April 20, 2018 – Three nonprofits were presented with monetary awards from the McCourt School of Public Policy’s Center for Public & Nonprofit Leadership (CPNL) on April 17 during an event on “Advancing Racial Equity: Practical Steps for Philanthropists and Nonprofits.”

CPNL Director Kathy Kretman, who also serves as McCourt’s Waldemar A. Nielsen Chair in Philanthropy, hosted the event to showcase the role students can play in tackling racial injustice.  

At the event,  students had the opportunity to award grants totaling $20,000 to three nonprofits in D.C. working on racial justice.

Race and Philanthropy

“What does racial equity mean? What does grantmaking with a racial equity lens look like?” said Kretman, also a McCourt research professor. “These are the questions we posed to our students. We want to engage students in the conversations about race and philanthropy to get a fresh perspective.”

Kretman co-teaches a new course with Tamara Copeland, president of the Washington Regional Association of Grantmakers. The course, called Philanthropists’ Response to Racial Inequity in America: Why? How? What’s Next?, allows students to serve in the role of grantmakers, deciding which D.C. nonprofits they think would best benefit from grants for their work in advancing racial equity.

This year the recipients of the grants are Fair Budget Coalition ($10,000), ONE DC ($7500) and Public Allies DC ($2500).

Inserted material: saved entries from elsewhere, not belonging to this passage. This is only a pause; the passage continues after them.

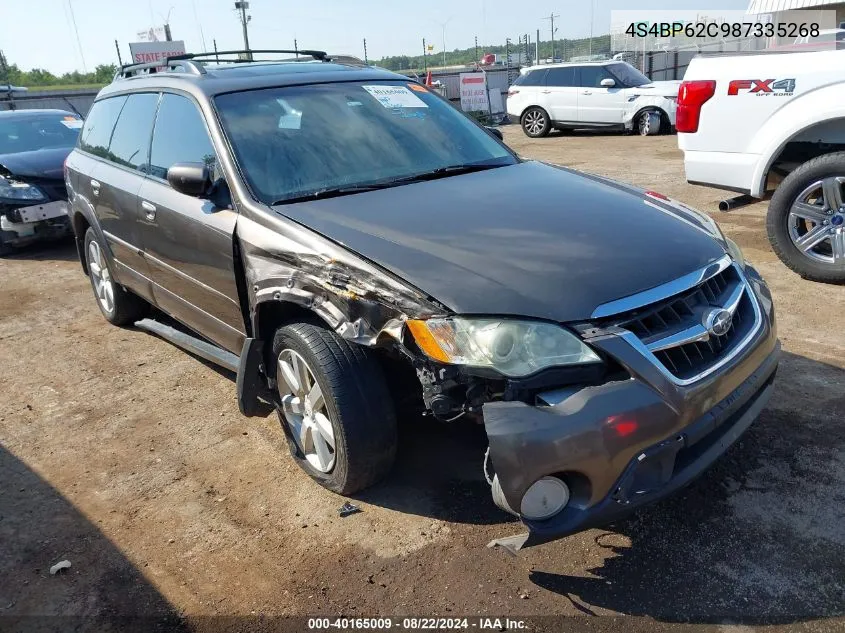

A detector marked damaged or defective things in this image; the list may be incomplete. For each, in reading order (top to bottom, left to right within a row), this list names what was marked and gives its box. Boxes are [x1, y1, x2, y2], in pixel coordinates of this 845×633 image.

broken headlight [0, 174, 46, 201]
damaged subaru outback [66, 51, 780, 552]
broken headlight [408, 318, 600, 378]
crumpled front bumper [482, 264, 780, 552] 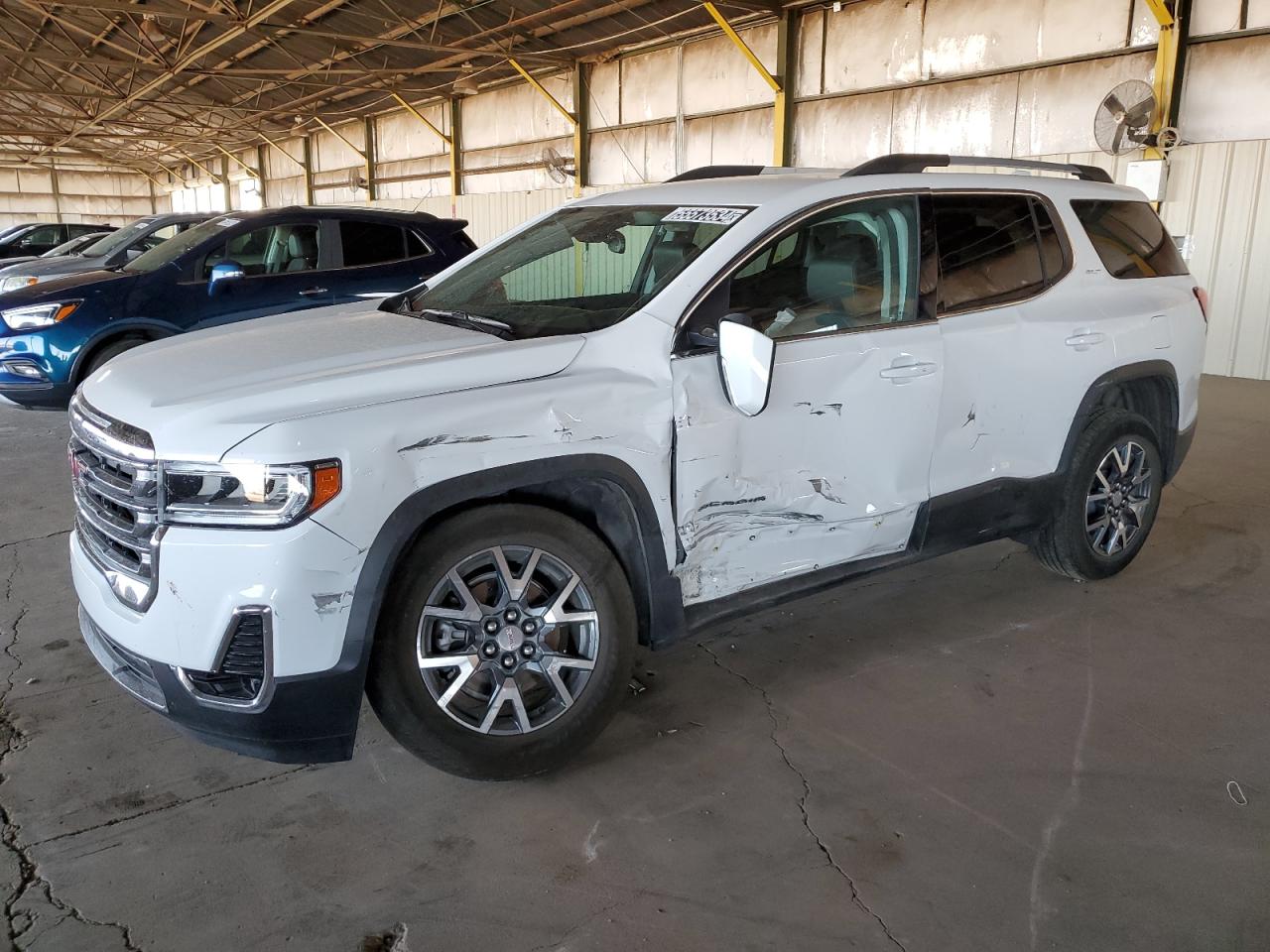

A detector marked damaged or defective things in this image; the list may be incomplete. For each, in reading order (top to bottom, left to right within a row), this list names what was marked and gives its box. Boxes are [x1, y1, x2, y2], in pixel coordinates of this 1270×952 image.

damaged driver side door [675, 191, 945, 604]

Each organization has its own approach to tackling racial inequity, Kretman said.

The Fair Budget Coalition focuses on coalition building and advocacy programs. ONE DC provides racial equity and implicit bias training for DC residents, and Public Allies DC provides District youth with opportunities to develop their leadership as community members.

Organizational Change

“The students decided that these organizations’ missions are aligned with their grantmaking mission –  organizations that are focused on systems change through advocacy, coalition building and developing D.C. youth to have a voice in public policy decisions that affect them,” Kretman explains.

“I see students wanting to engage in real conversations about race, but not having opportunities to examine their own lived experiences, assumptions and actions,” Kretman said.

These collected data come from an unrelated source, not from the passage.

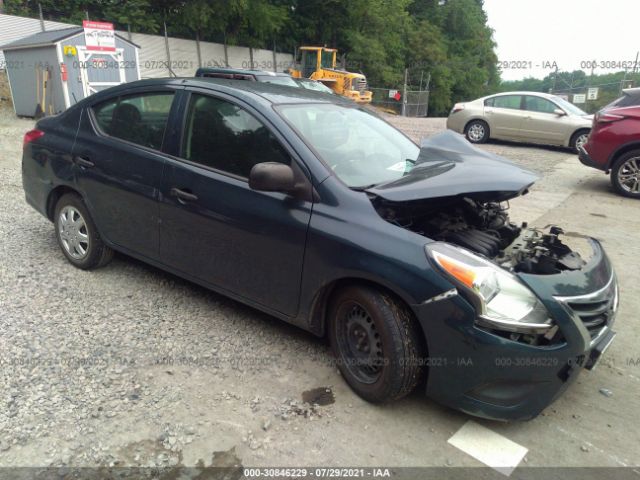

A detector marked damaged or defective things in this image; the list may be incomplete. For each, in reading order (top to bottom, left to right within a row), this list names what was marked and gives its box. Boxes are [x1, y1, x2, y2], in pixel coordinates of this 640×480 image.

crumpled hood [364, 129, 540, 202]
broken headlight [428, 244, 552, 334] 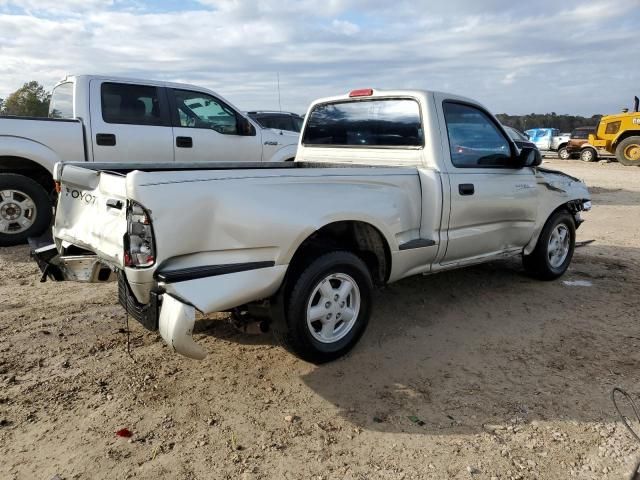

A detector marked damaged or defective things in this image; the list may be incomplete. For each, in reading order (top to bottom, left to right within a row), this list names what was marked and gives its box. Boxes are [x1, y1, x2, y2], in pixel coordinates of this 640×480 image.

broken tail light [124, 202, 156, 268]
damaged white toyota tacoma [30, 88, 592, 362] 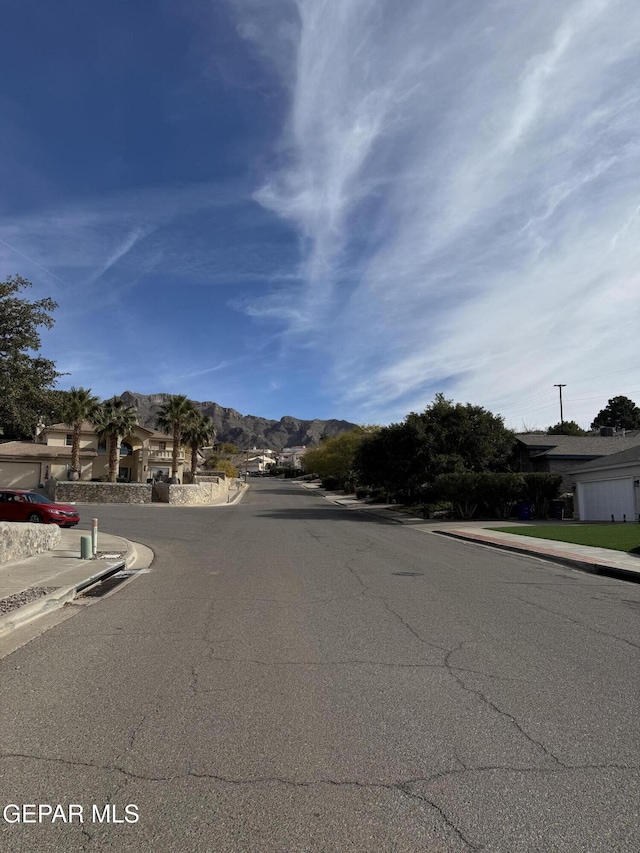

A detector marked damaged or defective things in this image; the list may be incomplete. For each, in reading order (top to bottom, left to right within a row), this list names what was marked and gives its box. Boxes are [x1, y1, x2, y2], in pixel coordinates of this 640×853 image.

Funding was supplied by the Learning By Giving Foundation and the Waldemar A. Nielsen Chair in Philanthropy endowment at the McCourt School.

“We are thankful for the opportunity provided by this learning experience,” said Disraeli Smith (MPP’18). “Ultimately, we struggled with the same things the philanthropic community is struggling with today – how to fund and measure projects, programs, organizations working towards racial equity.”

Smith and Caroline Cragin (MPP’19) are among the eight students enrolled in Kretman’s course this spring.

Cragin said the course “enabled me to really think critically and have a racial equity lens in the academic study of public policy.”

Assessing Racism

Luisa Boyarski, assistant director of CPNL, provided the findings of her study on what nonprofits are doing within their organizations to address racial equity, and Weizenegger, the Nielsen Student Fellow, shared his impact assessment of the philanthropic communities response to racial inequity in the region.

Weizenegger’s report explored the results of a six part series called Putting Racism on the Table, which was hosted by the Washington Regional Association of Grantmakers (WRAG). The learning series aimed to equip CEOs, presidents, and trustees of philanthropic organizations from across the greater Washington, with a fuller understanding of how racism impacts their organization.

“By focusing on a deep engagement with the subject, Putting Racism on the Table gave participants the tools to see their own work in a new light,” Weizenegger said. “We're beginning to see how sustained action follows from understanding across the philanthropic community.”

The report by Boyarski identified some of the major challenges that nonprofits have in adopting racial equity policies and practices as part of their organizational culture, including lack of funding, difficulty finding training programs and limited board commitment.

“One promising finding of the research is that anyone can start this work--there is no correlation between the size of a nonprofit’s budget and how advanced they are in promoting racial equity,” said Boyarski. “There is a pathway with specific practices that many organizations are following to advance racial equity, providing suggested next steps for organizations, no matter where they are in their journey.”